Records from a collection

■ ■ ■ ■ ■ ■ ■

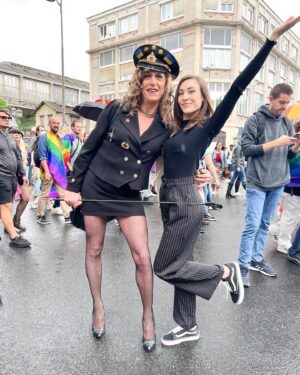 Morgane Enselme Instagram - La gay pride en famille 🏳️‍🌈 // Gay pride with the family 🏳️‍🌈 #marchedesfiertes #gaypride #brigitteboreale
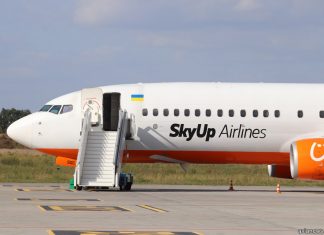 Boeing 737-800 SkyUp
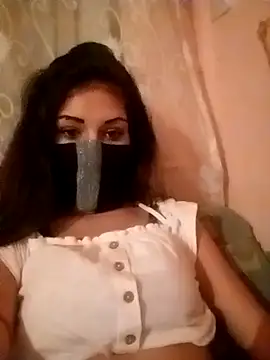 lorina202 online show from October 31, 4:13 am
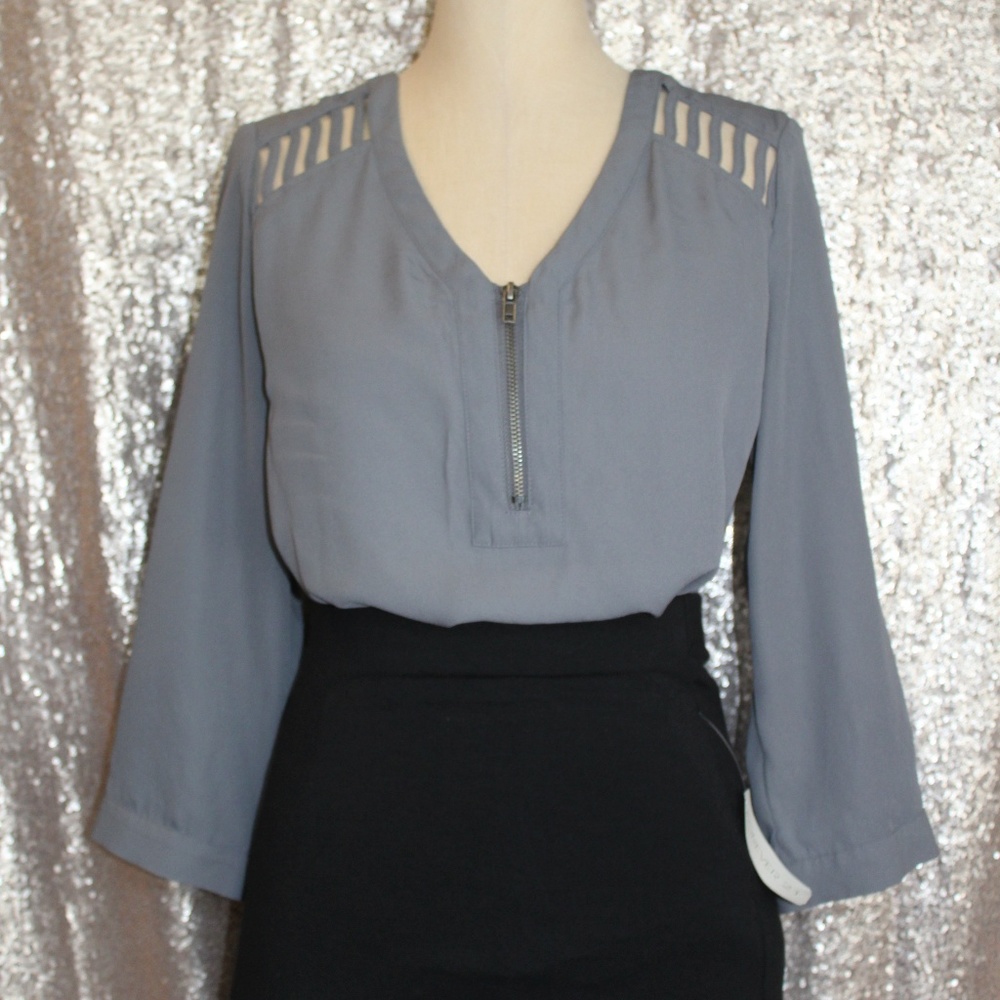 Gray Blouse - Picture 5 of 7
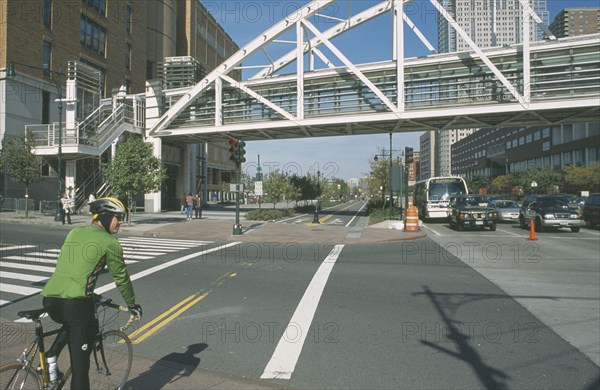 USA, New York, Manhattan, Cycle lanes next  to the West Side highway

■ ■ ■ ■ ■ ■ ■

**THE TASK:** Return the lines from the one containing "Boeing 737-800 SkyUp" through the last line of the records, both included, exactly as written and with no pictures.

**ANSWER FOR THE TASK:**
 Boeing 737-800 SkyUp
 lorina202 online show from October 31, 4:13 am
 Gray Blouse - Picture 5 of 7
 USA, New York, Manhattan, Cycle lanes next  to the West Side highway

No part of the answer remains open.